Irwin Mitchell is the Golden Turd 2018.

Staff at the national personal injury firm awarded Irwin Mitchell just 23% overall. That was 1% less than last year's loser, KWM. And KWM had just gone bust.

"Back stabbing. Favoritism. Shit IT. Out of touch management. Weak HR", summed up a trainee. The management "is akin to Lord of the Flies", said a junior lawyer.  "Absolutely appalling in every respect", agreed a colleague. Senior management "shun the opinions of departmental managers when submitting tone deaf edicts which seem calculated to create resentment and inefficiency". Exhibit one, "patronising 'values' like 'tenacity' and 'pioneering' daubed in lurid colours on the walls". Exhibit two, "Scoreboards on the walls with stars next to names of solicitors indicating management approval (or not)". The culture "would seem unduly patronising in a creche".

Some staff had good things to say about Irwin Mitchell. It was "definitely improving over what it was", said one, and was "not nearly as bad as the London-centric detractors would have you believe". There was an all male board, but "that's finally changing with women making it to the top". It was, said another, "not as bad as the press makes out".
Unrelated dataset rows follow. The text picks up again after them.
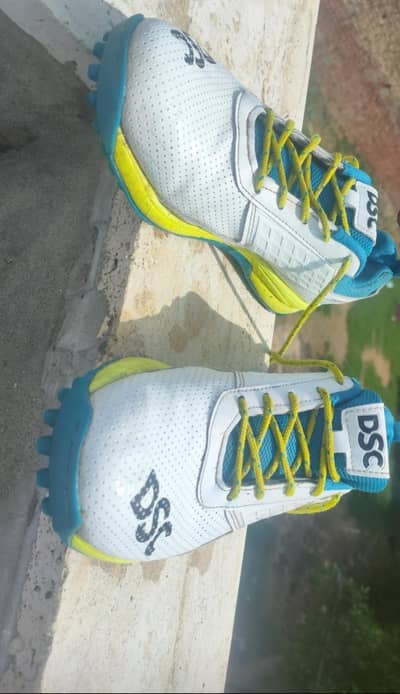 dsc shoes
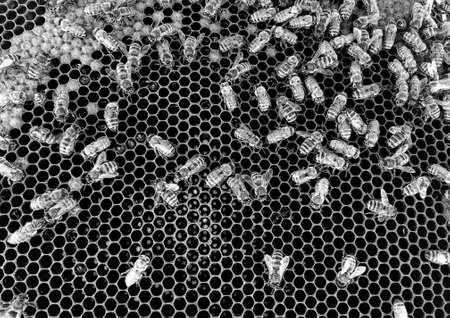 Abstract hexagon structure is honeycomb from bee hive filled with golden honey, honeycomb summer...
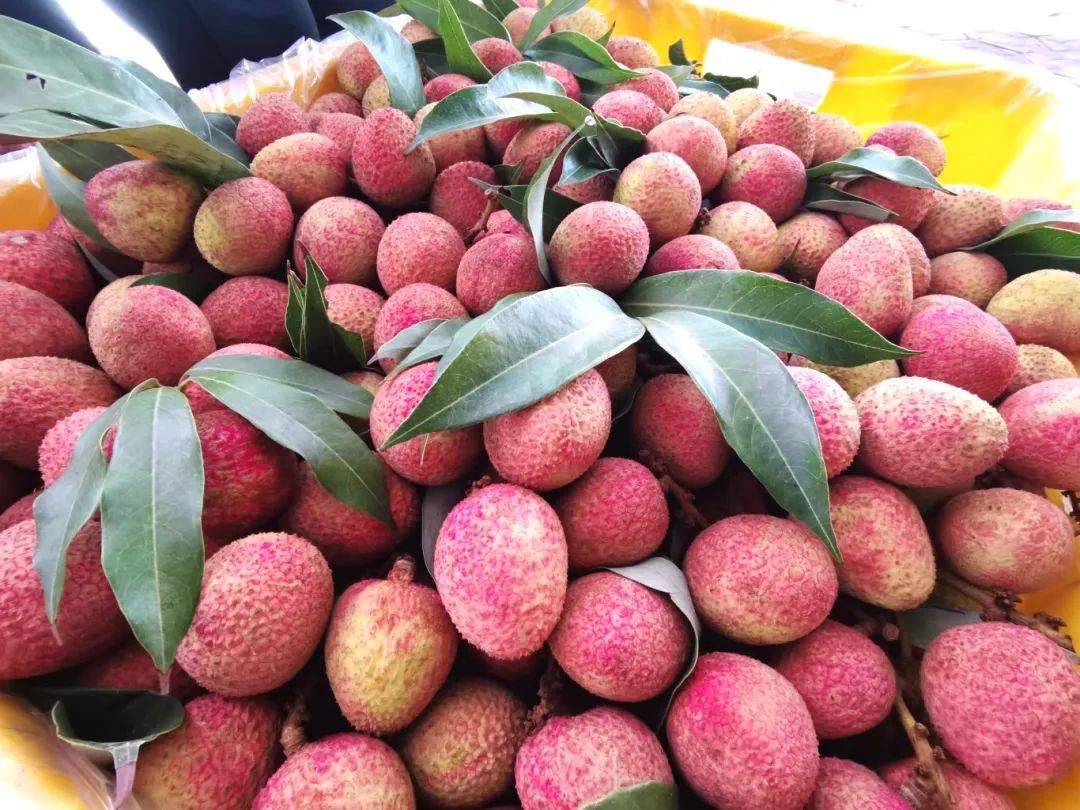 增城三月红荔枝。上市熟荔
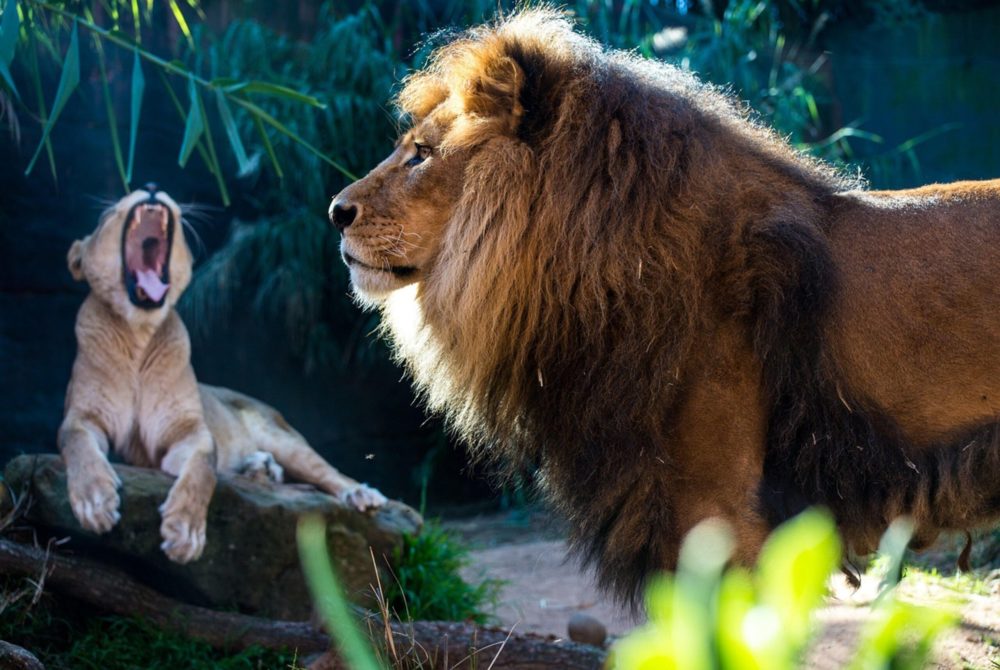 animal-3332729_1280-1-1000x670 - 5 musicales en Madrid para ver en familia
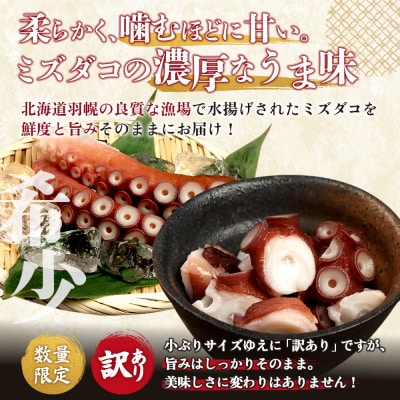 【訳あり】北海道羽幌産 刺身用たこ足小さめ (450～550g)【冷凍】【06114】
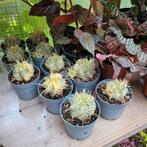 Euphorbia meloformis variegated, Ophalen of Verzenden, Cactus, Volle zon, Minder dan 100 cm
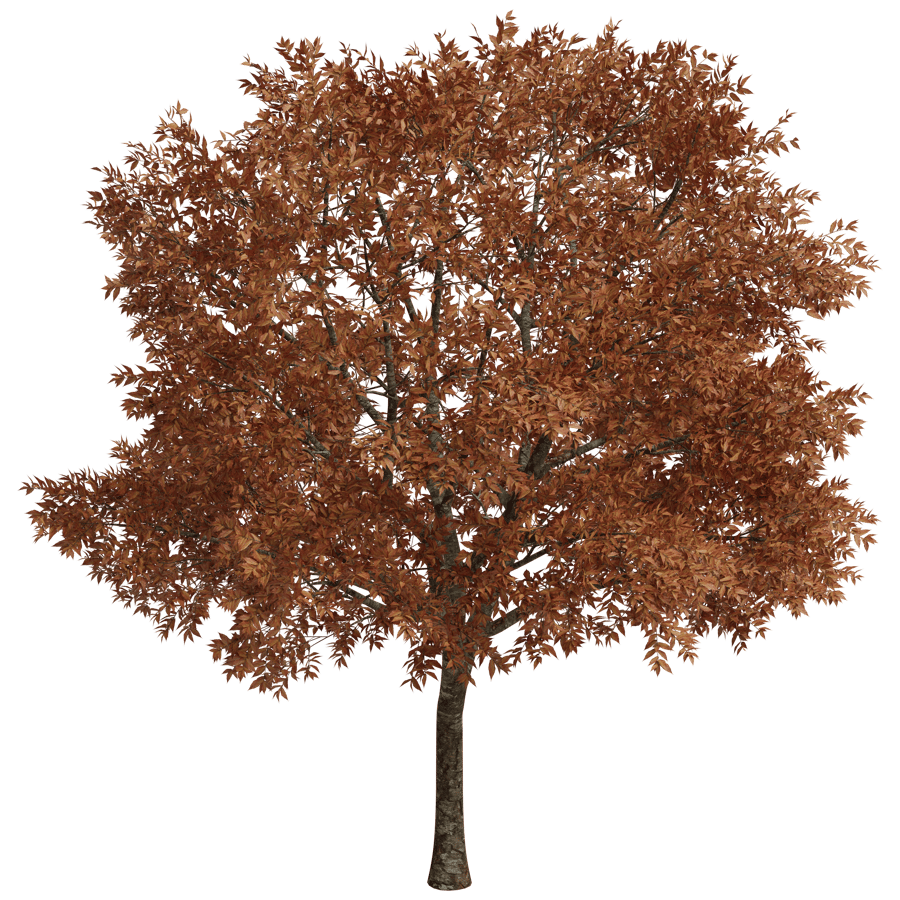 Trees 3D Model - A23D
Hopefully it's not as bad as its own staff make out, either. "If there is any firm that should attract bad publicity", said a senior solicitor, "it is Irwin Mitchell". There was, he said, an "exceptionally greedy cohort of equity partners underpaying staff to undertake the roles of lawyer, business development manager, CSR co-ordinaries and press liaison all merged into one role".

One example of this, said another senior solicitor, was the firm instructing junior staff "to build links with disability charities simply as a way to persuade said charities to refer all their service users to the firm for negligence claims". Ingenious, perhaps, but also, she said, "truly awful". Meanwhile, "People actually shit on the floor!" said a junior lawyer. "On the actual floor".

  Bless you, Golden Turd, already getting work in for your new masters. 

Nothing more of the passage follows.